Task to complete:
Exactly as written, output each of the entries below.

(Extracted data entries)
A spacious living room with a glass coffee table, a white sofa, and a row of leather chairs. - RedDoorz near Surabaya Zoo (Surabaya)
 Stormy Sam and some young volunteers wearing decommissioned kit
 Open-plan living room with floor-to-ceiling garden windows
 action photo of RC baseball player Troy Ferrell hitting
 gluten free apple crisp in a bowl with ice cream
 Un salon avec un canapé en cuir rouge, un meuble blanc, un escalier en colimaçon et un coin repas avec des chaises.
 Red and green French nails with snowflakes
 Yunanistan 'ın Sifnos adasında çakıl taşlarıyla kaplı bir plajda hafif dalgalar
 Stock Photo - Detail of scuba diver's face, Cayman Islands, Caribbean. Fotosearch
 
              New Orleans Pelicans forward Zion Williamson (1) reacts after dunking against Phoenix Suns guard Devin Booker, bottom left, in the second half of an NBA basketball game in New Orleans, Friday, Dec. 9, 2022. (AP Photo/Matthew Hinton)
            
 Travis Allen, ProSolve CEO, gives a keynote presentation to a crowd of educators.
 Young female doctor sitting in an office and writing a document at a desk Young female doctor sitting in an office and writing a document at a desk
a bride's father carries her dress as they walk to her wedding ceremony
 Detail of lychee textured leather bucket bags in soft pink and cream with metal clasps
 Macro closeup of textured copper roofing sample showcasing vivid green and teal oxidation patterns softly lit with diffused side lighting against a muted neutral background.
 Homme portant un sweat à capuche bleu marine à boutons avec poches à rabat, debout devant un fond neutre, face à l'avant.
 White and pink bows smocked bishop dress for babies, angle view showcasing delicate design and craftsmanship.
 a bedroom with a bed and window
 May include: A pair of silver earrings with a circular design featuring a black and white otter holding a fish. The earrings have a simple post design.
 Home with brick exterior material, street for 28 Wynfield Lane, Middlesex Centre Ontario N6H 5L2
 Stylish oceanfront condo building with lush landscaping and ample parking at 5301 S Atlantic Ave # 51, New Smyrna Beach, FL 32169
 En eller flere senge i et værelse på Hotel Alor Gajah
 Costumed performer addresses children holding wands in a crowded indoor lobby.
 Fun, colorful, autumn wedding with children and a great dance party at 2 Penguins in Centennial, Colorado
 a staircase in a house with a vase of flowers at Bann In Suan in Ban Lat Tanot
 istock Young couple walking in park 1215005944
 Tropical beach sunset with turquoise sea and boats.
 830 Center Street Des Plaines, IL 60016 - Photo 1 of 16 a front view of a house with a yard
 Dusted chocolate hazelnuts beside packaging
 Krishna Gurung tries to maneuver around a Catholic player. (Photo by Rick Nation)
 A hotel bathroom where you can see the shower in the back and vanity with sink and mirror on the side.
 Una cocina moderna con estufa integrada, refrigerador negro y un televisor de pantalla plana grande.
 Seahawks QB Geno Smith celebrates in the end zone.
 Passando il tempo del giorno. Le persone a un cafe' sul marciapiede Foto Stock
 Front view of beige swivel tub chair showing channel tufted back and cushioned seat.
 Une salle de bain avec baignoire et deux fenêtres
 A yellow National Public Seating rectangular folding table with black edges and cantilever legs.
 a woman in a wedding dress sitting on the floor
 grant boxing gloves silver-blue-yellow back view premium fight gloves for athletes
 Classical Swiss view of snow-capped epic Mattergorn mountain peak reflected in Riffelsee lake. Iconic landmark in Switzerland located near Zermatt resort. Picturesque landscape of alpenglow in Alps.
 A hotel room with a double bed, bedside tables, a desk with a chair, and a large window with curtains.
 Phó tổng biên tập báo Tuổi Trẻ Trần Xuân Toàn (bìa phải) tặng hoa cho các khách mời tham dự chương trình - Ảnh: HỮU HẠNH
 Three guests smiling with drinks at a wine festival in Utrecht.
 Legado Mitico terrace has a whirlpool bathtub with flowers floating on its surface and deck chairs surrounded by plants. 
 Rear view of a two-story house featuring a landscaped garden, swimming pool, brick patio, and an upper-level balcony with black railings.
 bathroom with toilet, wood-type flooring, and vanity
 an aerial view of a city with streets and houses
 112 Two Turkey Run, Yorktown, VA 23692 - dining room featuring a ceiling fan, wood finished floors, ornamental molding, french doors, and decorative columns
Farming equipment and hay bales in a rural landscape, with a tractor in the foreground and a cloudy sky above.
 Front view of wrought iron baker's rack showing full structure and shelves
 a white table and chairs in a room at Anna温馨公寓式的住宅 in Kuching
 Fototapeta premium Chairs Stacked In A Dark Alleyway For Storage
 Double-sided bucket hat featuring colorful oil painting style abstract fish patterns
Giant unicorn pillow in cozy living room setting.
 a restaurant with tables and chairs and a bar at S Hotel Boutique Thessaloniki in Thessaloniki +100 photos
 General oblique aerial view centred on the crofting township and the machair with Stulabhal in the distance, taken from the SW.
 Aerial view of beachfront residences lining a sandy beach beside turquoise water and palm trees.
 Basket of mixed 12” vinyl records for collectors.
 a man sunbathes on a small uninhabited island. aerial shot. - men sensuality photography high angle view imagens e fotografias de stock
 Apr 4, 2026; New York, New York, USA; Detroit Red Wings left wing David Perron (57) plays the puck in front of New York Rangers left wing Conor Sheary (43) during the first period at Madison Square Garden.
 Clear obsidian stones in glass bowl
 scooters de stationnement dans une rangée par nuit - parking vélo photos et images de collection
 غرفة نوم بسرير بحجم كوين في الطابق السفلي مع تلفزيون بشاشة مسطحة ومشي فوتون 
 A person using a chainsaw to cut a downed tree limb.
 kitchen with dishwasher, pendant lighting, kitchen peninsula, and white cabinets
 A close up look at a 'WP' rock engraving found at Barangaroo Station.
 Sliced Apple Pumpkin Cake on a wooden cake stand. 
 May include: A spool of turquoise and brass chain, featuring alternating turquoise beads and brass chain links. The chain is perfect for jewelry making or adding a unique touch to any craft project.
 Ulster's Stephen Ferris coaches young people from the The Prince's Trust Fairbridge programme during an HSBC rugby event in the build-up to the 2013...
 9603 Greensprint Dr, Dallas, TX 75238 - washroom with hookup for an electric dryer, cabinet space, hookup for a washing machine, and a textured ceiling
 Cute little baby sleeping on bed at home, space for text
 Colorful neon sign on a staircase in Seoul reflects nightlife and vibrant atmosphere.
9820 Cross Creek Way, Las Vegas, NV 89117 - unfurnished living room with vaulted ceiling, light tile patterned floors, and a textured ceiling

Result of this exercise:
A spacious living room with a glass coffee table, a white sofa, and a row of leather chairs. - RedDoorz near Surabaya Zoo (Surabaya)
 Stormy Sam and some young volunteers wearing decommissioned kit
 Open-plan living room with floor-to-ceiling garden windows
 action photo of RC baseball player Troy Ferrell hitting
 gluten free apple crisp in a bowl with ice cream
 Un salon avec un canapé en cuir rouge, un meuble blanc, un escalier en colimaçon et un coin repas avec des chaises.
 Red and green French nails with snowflakes
 Yunanistan 'ın Sifnos adasında çakıl taşlarıyla kaplı bir plajda hafif dalgalar
 Stock Photo - Detail of scuba diver's face, Cayman Islands, Caribbean. Fotosearch
 
              New Orleans Pelicans forward Zion Williamson (1) reacts after dunking against Phoenix Suns guard Devin Booker, bottom left, in the second half of an NBA basketball game in New Orleans, Friday, Dec. 9, 2022. (AP Photo/Matthew Hinton)
            
 Travis Allen, ProSolve CEO, gives a keynote presentation to a crowd of educators.
 Young female doctor sitting in an office and writing a document at a desk Young female doctor sitting in an office and writing a document at a desk
a bride's father carries her dress as they walk to her wedding ceremony
 Detail of lychee textured leather bucket bags in soft pink and cream with metal clasps
 Macro closeup of textured copper roofing sample showcasing vivid green and teal oxidation patterns softly lit with diffused side lighting against a muted neutral background.
 Homme portant un sweat à capuche bleu marine à boutons avec poches à rabat, debout devant un fond neutre, face à l'avant.
 White and pink bows smocked bishop dress for babies, angle view showcasing delicate design and craftsmanship.
 a bedroom with a bed and window
 May include: A pair of silver earrings with a circular design featuring a black and white otter holding a fish. The earrings have a simple post design.
 Home with brick exterior material, street for 28 Wynfield Lane, Middlesex Centre Ontario N6H 5L2
 Stylish oceanfront condo building with lush landscaping and ample parking at 5301 S Atlantic Ave # 51, New Smyrna Beach, FL 32169
 En eller flere senge i et værelse på Hotel Alor Gajah
 Costumed performer addresses children holding wands in a crowded indoor lobby.
 Fun, colorful, autumn wedding with children and a great dance party at 2 Penguins in Centennial, Colorado
 a staircase in a house with a vase of flowers at Bann In Suan in Ban Lat Tanot
 istock Young couple walking in park 1215005944
 Tropical beach sunset with turquoise sea and boats.
 830 Center Street Des Plaines, IL 60016 - Photo 1 of 16 a front view of a house with a yard
 Dusted chocolate hazelnuts beside packaging
 Krishna Gurung tries to maneuver around a Catholic player. (Photo by Rick Nation)
 A hotel bathroom where you can see the shower in the back and vanity with sink and mirror on the side.
 Una cocina moderna con estufa integrada, refrigerador negro y un televisor de pantalla plana grande.
 Seahawks QB Geno Smith celebrates in the end zone.
 Passando il tempo del giorno. Le persone a un cafe' sul marciapiede Foto Stock
 Front view of beige swivel tub chair showing channel tufted back and cushioned seat.
 Une salle de bain avec baignoire et deux fenêtres
 A yellow National Public Seating rectangular folding table with black edges and cantilever legs.
 a woman in a wedding dress sitting on the floor
 grant boxing gloves silver-blue-yellow back view premium fight gloves for athletes
 Classical Swiss view of snow-capped epic Mattergorn mountain peak reflected in Riffelsee lake. Iconic landmark in Switzerland located near Zermatt resort. Picturesque landscape of alpenglow in Alps.
 A hotel room with a double bed, bedside tables, a desk with a chair, and a large window with curtains.
 Phó tổng biên tập báo Tuổi Trẻ Trần Xuân Toàn (bìa phải) tặng hoa cho các khách mời tham dự chương trình - Ảnh: HỮU HẠNH
 Three guests smiling with drinks at a wine festival in Utrecht.
 Legado Mitico terrace has a whirlpool bathtub with flowers floating on its surface and deck chairs surrounded by plants. 
 Rear view of a two-story house featuring a landscaped garden, swimming pool, brick patio, and an upper-level balcony with black railings.
 bathroom with toilet, wood-type flooring, and vanity
 an aerial view of a city with streets and houses
 112 Two Turkey Run, Yorktown, VA 23692 - dining room featuring a ceiling fan, wood finished floors, ornamental molding, french doors, and decorative columns
Farming equipment and hay bales in a rural landscape, with a tractor in the foreground and a cloudy sky above.
 Front view of wrought iron baker's rack showing full structure and shelves
 a white table and chairs in a room at Anna温馨公寓式的住宅 in Kuching
 Fototapeta premium Chairs Stacked In A Dark Alleyway For Storage
 Double-sided bucket hat featuring colorful oil painting style abstract fish patterns
Giant unicorn pillow in cozy living room setting.
 a restaurant with tables and chairs and a bar at S Hotel Boutique Thessaloniki in Thessaloniki +100 photos
 General oblique aerial view centred on the crofting township and the machair with Stulabhal in the distance, taken from the SW.
 Aerial view of beachfront residences lining a sandy beach beside turquoise water and palm trees.
 Basket of mixed 12” vinyl records for collectors.
 a man sunbathes on a small uninhabited island. aerial shot. - men sensuality photography high angle view imagens e fotografias de stock
 Apr 4, 2026; New York, New York, USA; Detroit Red Wings left wing David Perron (57) plays the puck in front of New York Rangers left wing Conor Sheary (43) during the first period at Madison Square Garden.
 Clear obsidian stones in glass bowl
 scooters de stationnement dans une rangée par nuit - parking vélo photos et images de collection
 غرفة نوم بسرير بحجم كوين في الطابق السفلي مع تلفزيون بشاشة مسطحة ومشي فوتون 
 A person using a chainsaw to cut a downed tree limb.
 kitchen with dishwasher, pendant lighting, kitchen peninsula, and white cabinets
 A close up look at a 'WP' rock engraving found at Barangaroo Station.
 Sliced Apple Pumpkin Cake on a wooden cake stand. 
 May include: A spool of turquoise and brass chain, featuring alternating turquoise beads and brass chain links. The chain is perfect for jewelry making or adding a unique touch to any craft project.
 Ulster's Stephen Ferris coaches young people from the The Prince's Trust Fairbridge programme during an HSBC rugby event in the build-up to the 2013...
 9603 Greensprint Dr, Dallas, TX 75238 - washroom with hookup for an electric dryer, cabinet space, hookup for a washing machine, and a textured ceiling
 Cute little baby sleeping on bed at home, space for text
 Colorful neon sign on a staircase in Seoul reflects nightlife and vibrant atmosphere.
9820 Cross Creek Way, Las Vegas, NV 89117 - unfurnished living room with vaulted ceiling, light tile patterned floors, and a textured ceiling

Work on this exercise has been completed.